- Chak No. 138/10-R
- Chak No. 138/10-R Location within Pakistan
- Coordinates: 30°00′52″N 71°43′44″E﻿ / ﻿30.0144°N 71.729°E
- Country: Pakistan
- Province: Punjab
- District: Khanewal

Government
- • Nazim: Ch. Ikram-ul-Ghani
- • Naib Nazim: Rana Tanveer
- Time zone: UTC+5 (Pakistan Standard Time)
- Calling code: 065
- Number of Union councils: 1

= Chak 138/10-R =

Chak No. 138/10-R is a village situated in the Khanewal District of Punjab Province, Pakistan. The village is known for its educational institutions, commercial establishments, and significant industrial presence.

== History and Demographics ==
The village is primarily inhabited by the ARAIN caste, who migrated from India in 1947. They originally came from villages in areas such as Buttar wala, Dollywalia, Kadokany, Patiala and Ferozepur. This migration has contributed to the village's cultural and social landscape.

==Geography==
Chak No. 138/10-R is located in the fertile region of Punjab, characterized by its agricultural landscape and close proximity to the Indus River basin. The village benefits from the irrigation system of the region, which supports its agricultural activities.

==Infrastructure and Economy==
Chak No. 138/10-R features a range of commercial establishments including nine bakery shops, one utility store, and three private colleges, catering to the educational and daily needs of its residents.

The village is also home to [Evergreen Sires](http://www.evergreensires.com), the largest animal semen production facility in South Punjab. This facility plays a crucial role in the local and regional agricultural sector by providing high-quality semen for livestock breeding.

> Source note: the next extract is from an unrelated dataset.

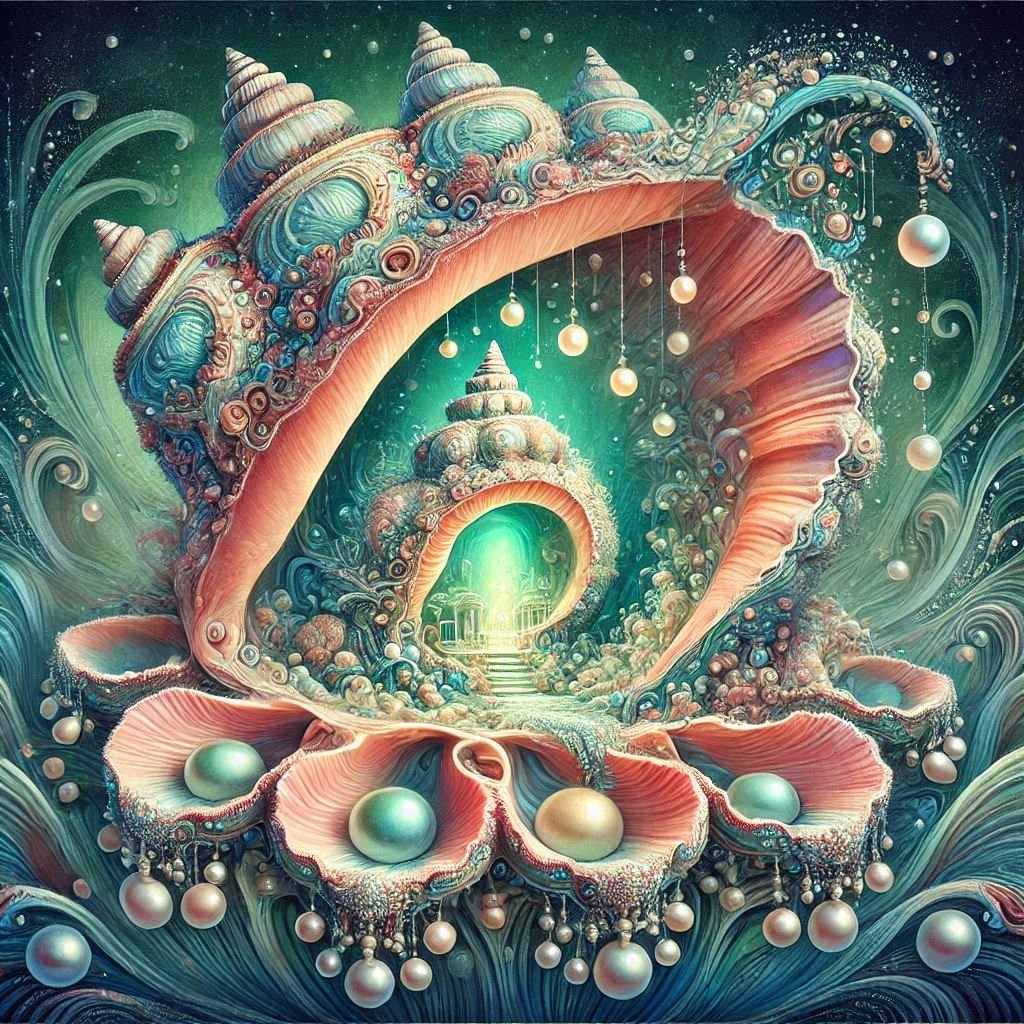 cel67540628's tweet photo. Shell of Wonder #aiart #aiartwork #ArtisticAI #aiartcommunity #aiartworks #ai #art #generativeart https://t.co/FOjBttIxYH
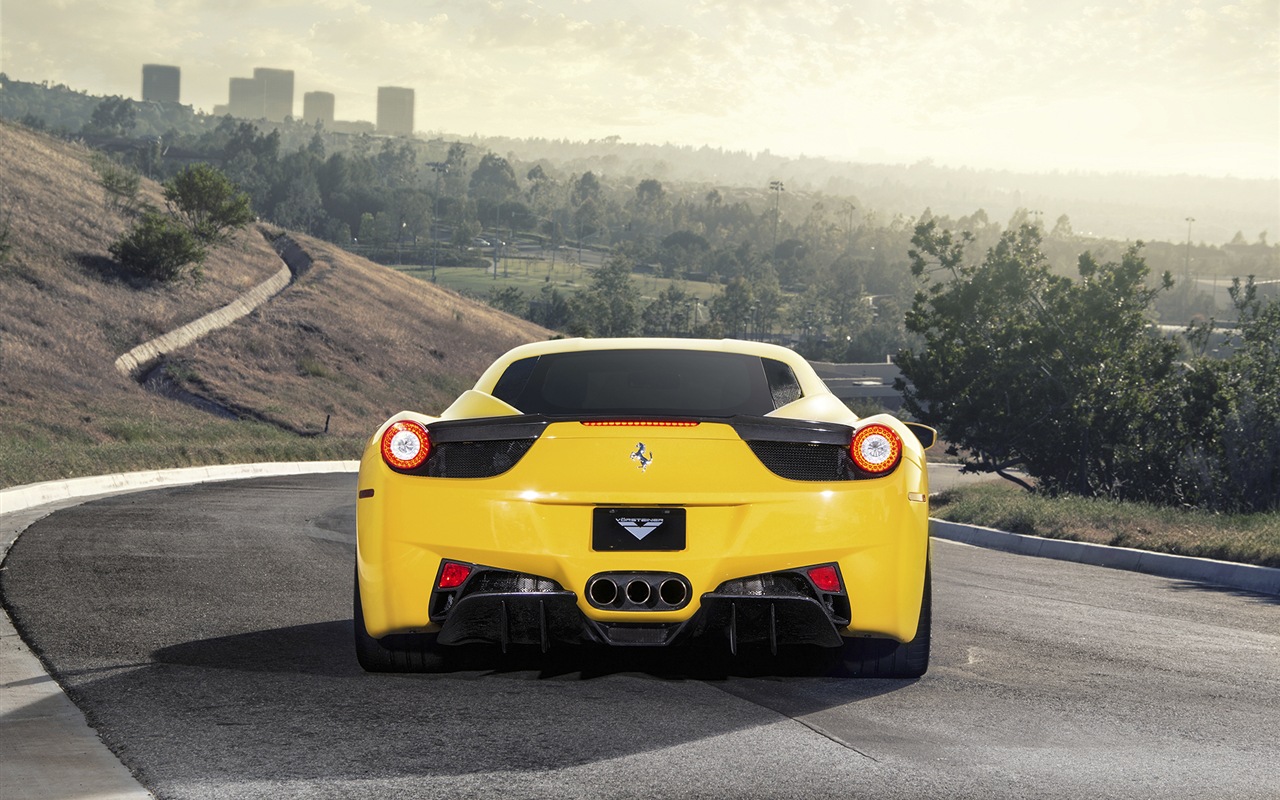 2013 Ferrari 458 Italia mit 458-V Supersportwagen HD Wallpaper #7 - 1280x800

All roads in the village are carpeted, which enhances connectivity and supports both the residential and industrial activities in the area.

==Education==
The [Government Higher Secondary School for Boys](http://bisemultan.edu.pk/institutes.php) and the [Government Girls High School](http://bisemultan.edu.pk/institutes.php) are the primary educational institutions serving the village. These schools are well-regarded and contribute significantly to the educational advancement of the local community.
==Famous Persons==

- Mr. Khalid Javed PP-210 (Khanewal-VI)

- Dr. Rehmat Ali Arian ((Late)
- Sir. Abul Slam Shah (Late)
- Prof. Shamsul Islam Shah (Late)
- Sir. Zafar Iqbal (Late)
- Sir. Kashif Israr (Late)
- NK- Tanveer Ahmad Shaheed (PAK Army)
- Mr. Faiq Anwar Arain (Senior Software Engineer Lahore)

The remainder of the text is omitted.